Sometimes people notice cartoons or other items that remind them of us. Sometimes we wonder *why* certain things remind them of us, but that is another question.
I was feeling the need for a little humor this morning to go along with some rumination on my part.
Spring Time - Where are you?
The first robin of Spring at Genuine Faux Farm was sighted and heard on March 15 this year. In fact, our records show that this is pretty normal for us. The difference this year from years just prior is that we were actually having temps closer to normal for Winter. And, we weren't having the ridiculously warm temperatures in early Spring that we've had the last few years. In fact, up to this point, we've probably had a Spring that is closer to the norm if you look at the averages. But, now we're tending towards a bit colder weather. And, we haven't really had that many warm days that offset the cool days most Springs.
Maybe we're all just being a bit impatient. Average lows in Waverly for mid-April are in the mid 30's (subtract a degree or two for our farm). Our recent lows fall within that norm. Our daily high temps, on the other hand, should be close to 60. And, if we had some sun, I don't doubt we'd reach those temperatures. But, with the clouds, we're running about 10 degrees below the norms for highs. Ok - maybe we're just a bit justified in being anxious for Spring
Is this weather good or bad for the farm?
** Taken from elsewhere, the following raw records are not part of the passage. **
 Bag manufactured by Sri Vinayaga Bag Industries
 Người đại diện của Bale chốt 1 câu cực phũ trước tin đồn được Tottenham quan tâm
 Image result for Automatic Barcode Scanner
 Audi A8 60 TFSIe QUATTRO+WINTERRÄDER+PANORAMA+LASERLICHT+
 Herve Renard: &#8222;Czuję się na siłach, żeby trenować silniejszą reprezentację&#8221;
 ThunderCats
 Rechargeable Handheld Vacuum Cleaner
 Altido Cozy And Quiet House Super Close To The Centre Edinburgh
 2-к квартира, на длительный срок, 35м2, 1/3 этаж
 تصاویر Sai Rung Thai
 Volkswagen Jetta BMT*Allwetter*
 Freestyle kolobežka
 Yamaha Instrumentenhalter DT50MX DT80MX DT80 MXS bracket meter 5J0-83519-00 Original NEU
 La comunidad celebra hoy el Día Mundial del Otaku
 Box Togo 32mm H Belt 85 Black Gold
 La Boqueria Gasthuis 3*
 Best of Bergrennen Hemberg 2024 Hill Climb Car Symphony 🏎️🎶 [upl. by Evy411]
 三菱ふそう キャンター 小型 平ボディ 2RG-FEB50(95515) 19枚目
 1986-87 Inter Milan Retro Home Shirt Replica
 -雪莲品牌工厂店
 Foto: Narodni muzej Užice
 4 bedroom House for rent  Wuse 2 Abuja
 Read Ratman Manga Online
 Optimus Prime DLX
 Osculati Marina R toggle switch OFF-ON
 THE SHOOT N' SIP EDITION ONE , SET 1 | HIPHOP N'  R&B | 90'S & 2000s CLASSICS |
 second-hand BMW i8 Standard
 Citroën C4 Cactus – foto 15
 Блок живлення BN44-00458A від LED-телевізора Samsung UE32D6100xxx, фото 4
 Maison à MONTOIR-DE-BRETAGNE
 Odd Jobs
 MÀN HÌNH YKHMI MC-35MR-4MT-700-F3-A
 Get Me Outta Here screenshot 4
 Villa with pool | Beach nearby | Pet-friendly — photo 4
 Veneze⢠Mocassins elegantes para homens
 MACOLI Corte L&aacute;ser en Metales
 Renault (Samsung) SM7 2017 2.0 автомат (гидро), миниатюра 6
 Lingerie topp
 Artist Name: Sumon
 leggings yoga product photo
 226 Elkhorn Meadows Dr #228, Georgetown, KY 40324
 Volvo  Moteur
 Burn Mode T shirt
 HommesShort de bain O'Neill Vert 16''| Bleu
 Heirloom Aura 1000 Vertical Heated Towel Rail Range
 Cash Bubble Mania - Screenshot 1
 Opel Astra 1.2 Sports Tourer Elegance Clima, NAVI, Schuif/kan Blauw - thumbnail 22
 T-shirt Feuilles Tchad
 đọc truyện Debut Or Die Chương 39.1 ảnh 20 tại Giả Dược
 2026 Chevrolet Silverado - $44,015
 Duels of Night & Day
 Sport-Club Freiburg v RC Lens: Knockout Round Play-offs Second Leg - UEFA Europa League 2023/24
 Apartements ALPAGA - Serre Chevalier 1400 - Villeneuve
Aside from our being anxious to get things growing, this weather may be a bit of a blessing for the farm. But, it is always a frustrating thing how quickly a blessing can become a curse when it comes to weather. The weather has not allowed us to do any field work, some of our plans to get some things in the field early and covered with low tunnels did not happen. The frost did not go out until everything got really wet. And, when things are really wet, you can't do anything in the field either. The net result is that we are starting to get plants stacked up in trays with less space to put them in than we want.
On the other hand, we have had great weather to get paper work done. And, this time of the year always has a great deal of tension between office work and field work. Mother Nature knows this and is trying to tell us something. I can hear her now! (* Rob...Rob.... stop typing in a blog and get your paperwork done! *)
Um... Ok. I'm not sure that's what I wanted to hear.
Hey! That's not a robin!
We do have hen chicks (about 10 days old now) on the farm to go along with the adult laying hens. The broiler chickens will arrive at the end of April. May brings the ducks and the turkeys. And, as I type this, Tammy is running up to Frantzen Farms to get starter feed for the chicks. For the most part, we appreciate the opportunity to raise poultry on the farm. But, there is a reason we have a bit more affinity for Winter than many people do. November through March requires only that we care for the laying flock. But, once we get to April, things get so much more complicated.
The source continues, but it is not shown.